Your copy starts at the line containing "Nissan Versa Vehicle Image 23" and ends at the last line below. Copy exactly, without pictures.

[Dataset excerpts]
________

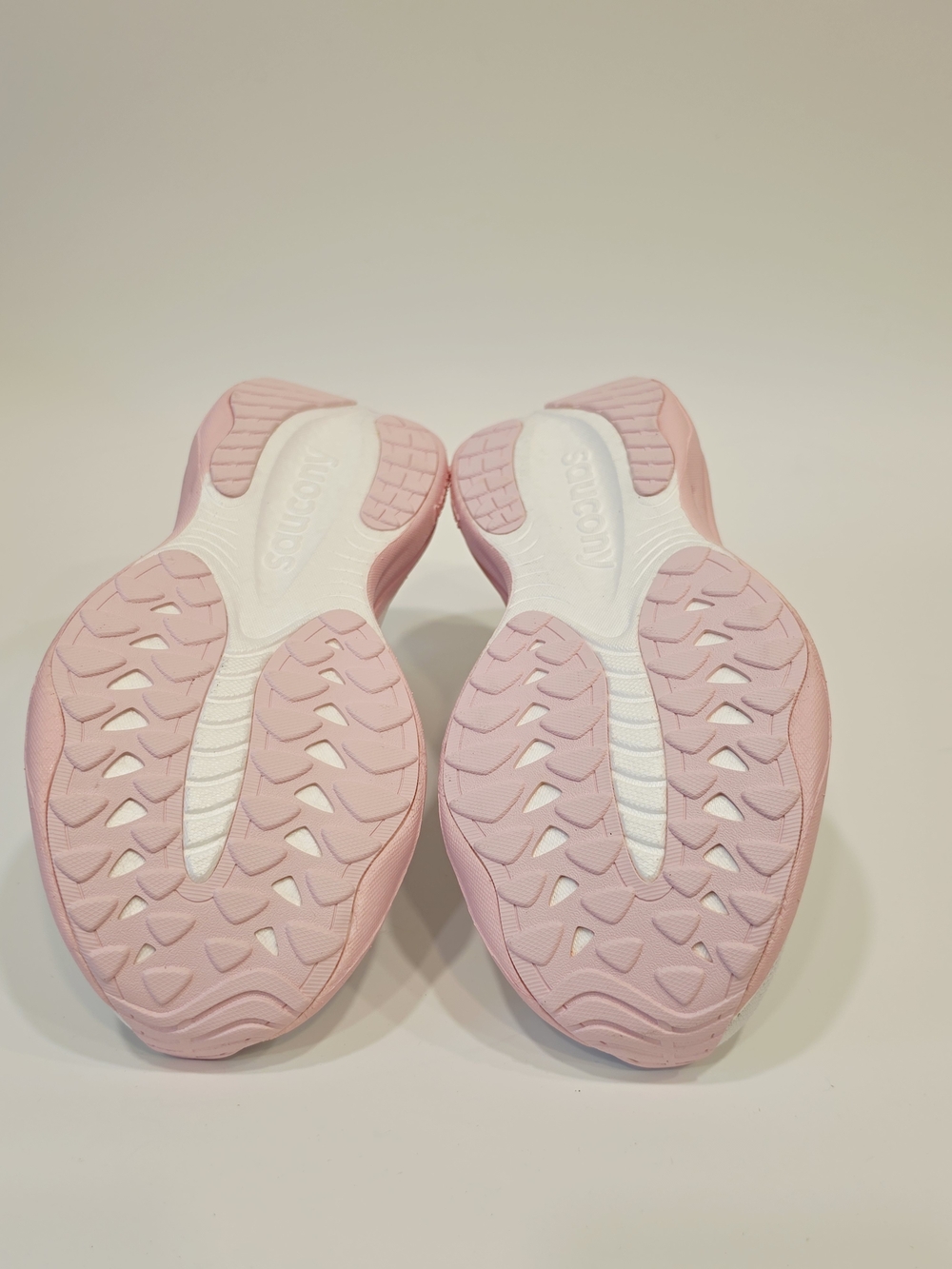 Saucony Ride 19 Women's White & Pink Running Shoes US Size 10 - Picture 7 of 8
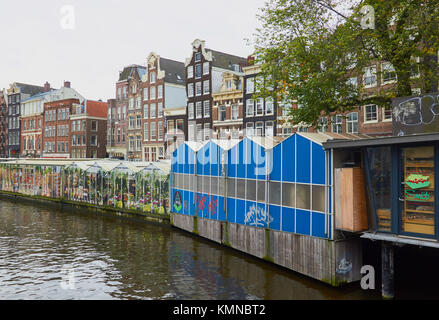 Bloemenmarkt (Amsterdamer Blumenmarkt) im Jahr 1862 weltweit der einzige schwimmende Blumenmarkt, Singel, Amsterdam, Holland Stockfoto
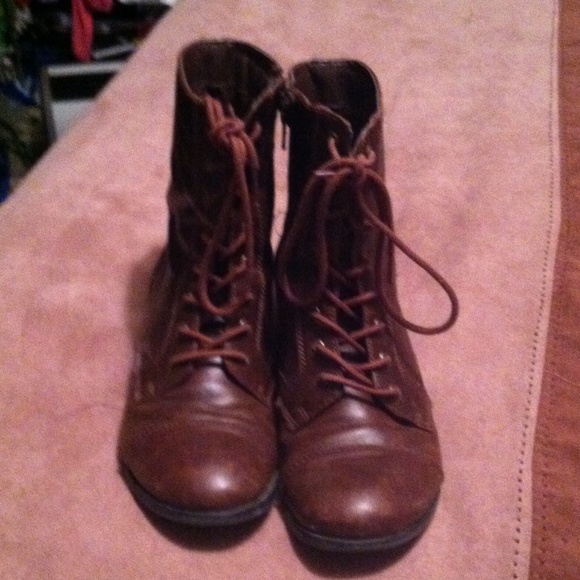 Distressed Brown Combat Boots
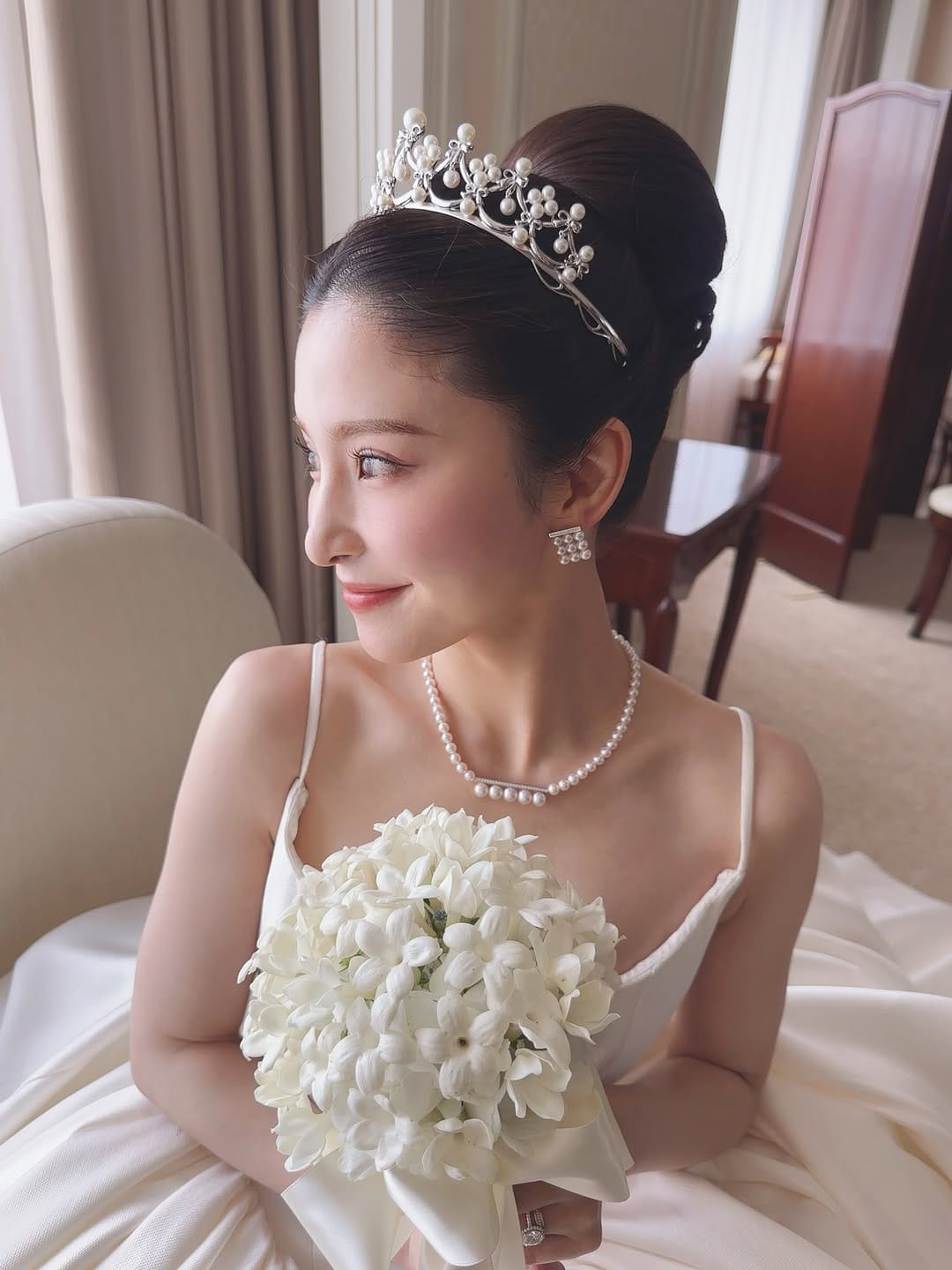 Post 8 by Mika Takemoto | ブライダルヘアメイク on Instagram (carousel)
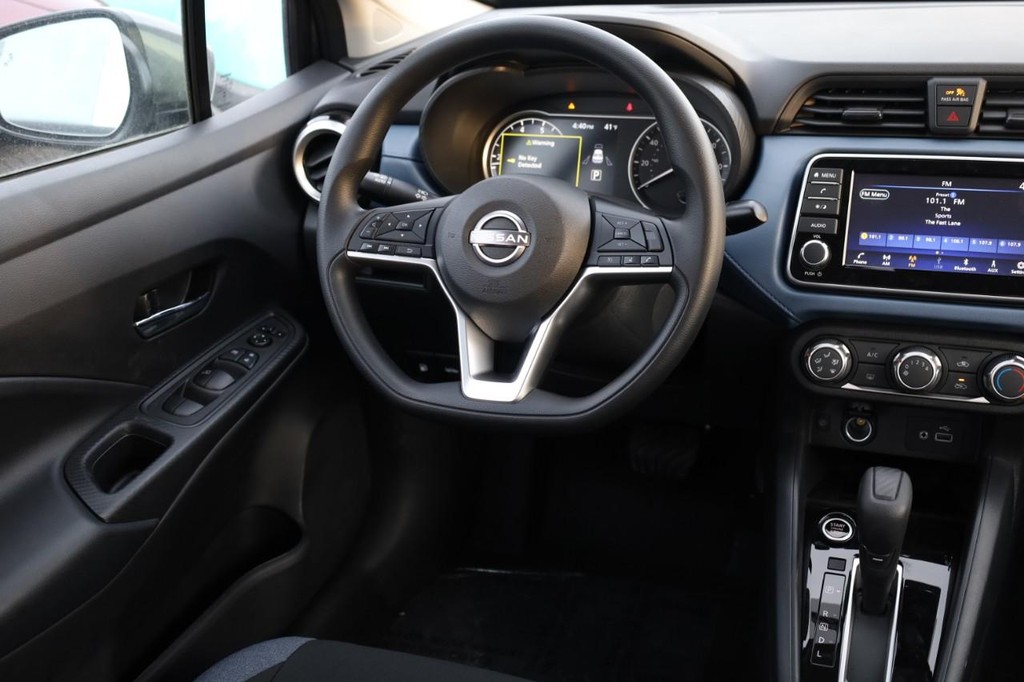 Nissan Versa Vehicle Image 23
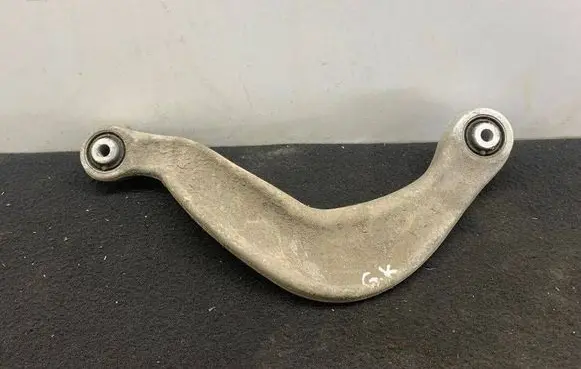 Audi A6 Allroad C7 Rear upper control arm/wishbone 8K0505323H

________

### OUTPUT OF THE TASK
 Nissan Versa Vehicle Image 23
 Audi A6 Allroad C7 Rear upper control arm/wishbone 8K0505323H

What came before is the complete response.